(Image-caption web data)

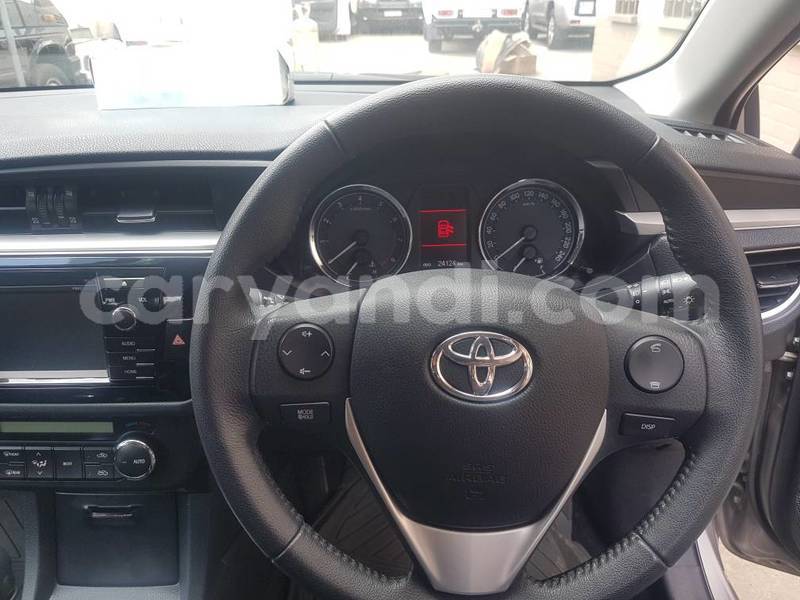 Big with watermark img 20180120 wa0015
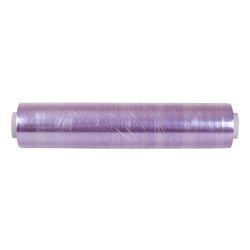 Vogue Cling Film 290mm x 300m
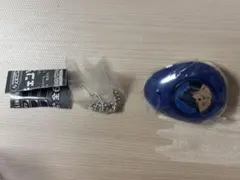 チェンソーマン レゼ編 ビーム サウンドロップ — image 1
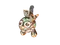 Charm | Lil' Chomper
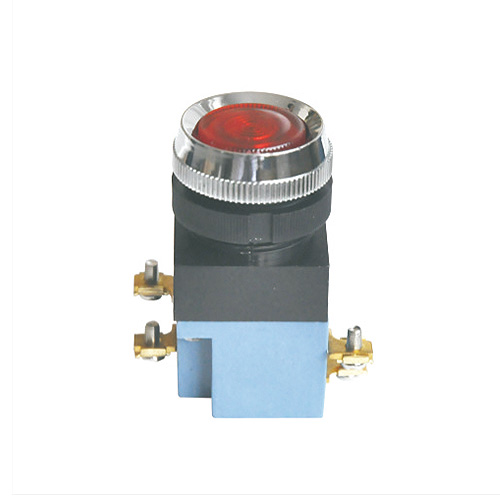 CFA19系列按鈕開關(guān)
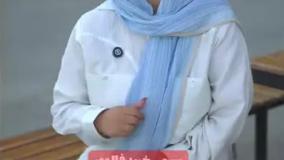 خرید فالوور اینستاگرام : دریافت رایگان ۵۰۰ فالوور واقعی بدون قرعه‌کشی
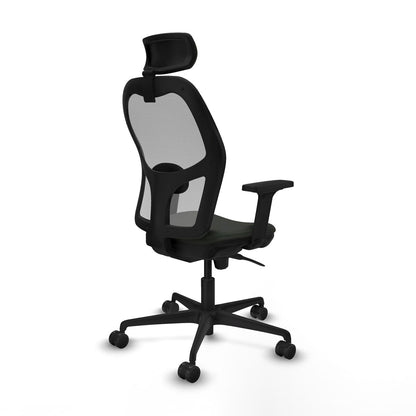 V5H66E90D8496ABAE2A8C90DA356E4C77F9R6568531P6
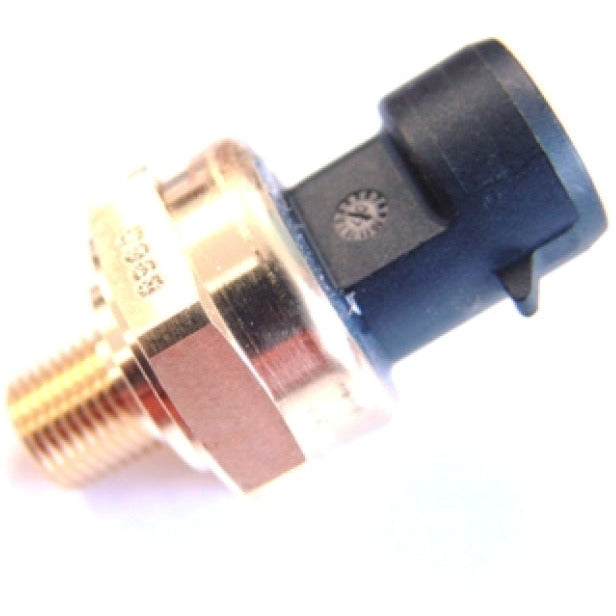 Ridetech Air Pressure Sensor 0-5 Volt for RidePro System Ridetech Sensors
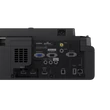 Epson EB-755F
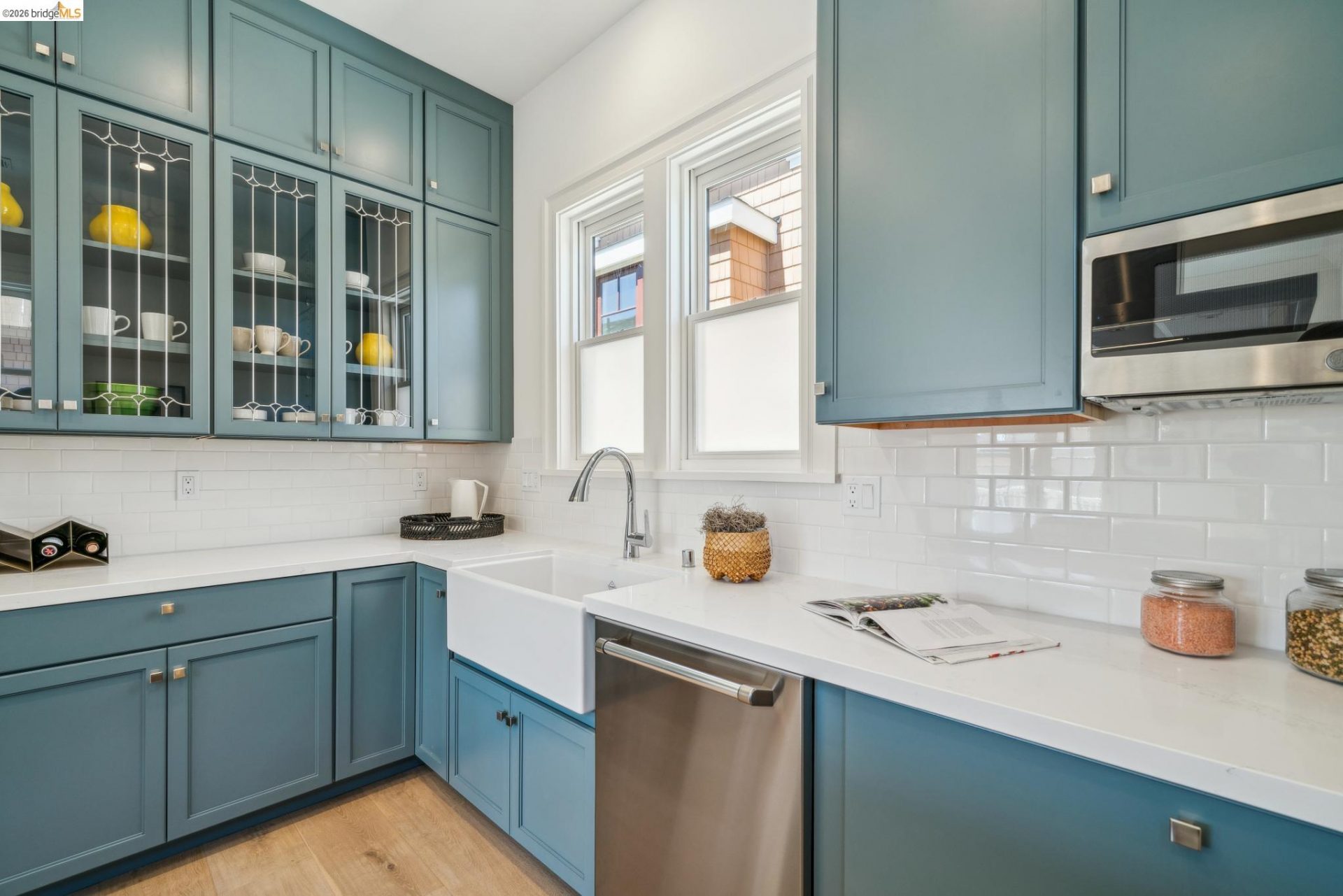 Property photo 33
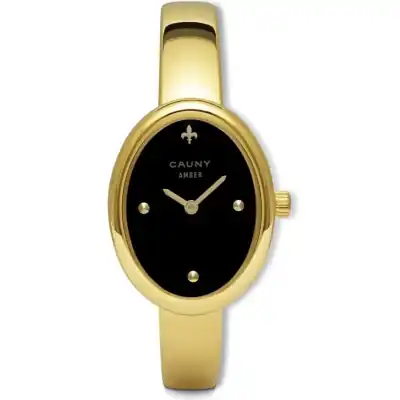 Cab003sm (CAB003SM) Unisex WATCHES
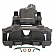 Raybestos Brakes Brake Caliper - FRC11068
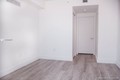 3401 midtown condo Unit 806, condo for sale in Miami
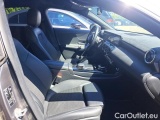  Mercedes  CLA-Klasse 1.5 CLA 180 D BUSINESS LINE SHOOT BR DCT #9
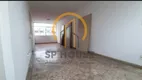 Foto 2 de Apartamento com 2 Quartos à venda, 92m² em Consolação, São Paulo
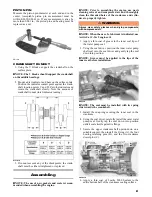 Preview for 82 page of Arctic Cat M 8000 Service Manual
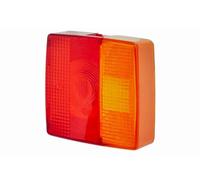 Feu arrière - cabochon HELLA 9EL 129 519-001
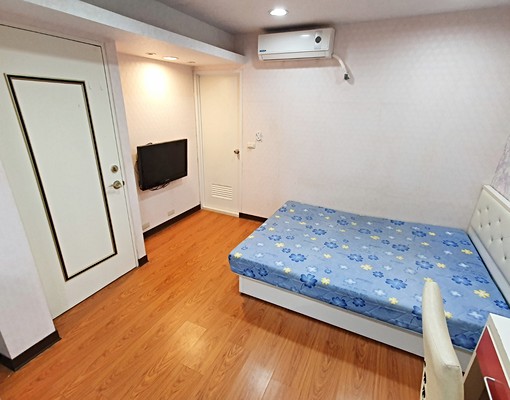 【可貓♡短租♡套房】近興大附農♡中興大學 - Image 4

**Required work**
Restate word for word the lines starting at the one that contains "V5H66E90D8496ABAE2A8C90DA356E4C77F9R6568531P6" and ending at the last line of the data. Skip every picture.

**Answer**
 V5H66E90D8496ABAE2A8C90DA356E4C77F9R6568531P6
 Ridetech Air Pressure Sensor 0-5 Volt for RidePro System Ridetech Sensors
 Epson EB-755F
 Property photo 33
 Cab003sm (CAB003SM) Unisex WATCHES
 Raybestos Brakes Brake Caliper - FRC11068
 3401 midtown condo Unit 806, condo for sale in Miami
  Mercedes  CLA-Klasse 1.5 CLA 180 D BUSINESS LINE SHOOT BR DCT #9
 Foto 2 de Apartamento com 2 Quartos à venda, 92m² em Consolação, São Paulo
 Preview for 82 page of Arctic Cat M 8000 Service Manual
 Feu arrière - cabochon HELLA 9EL 129 519-001
 【可貓♡短租♡套房】近興大附農♡中興大學 - Image 4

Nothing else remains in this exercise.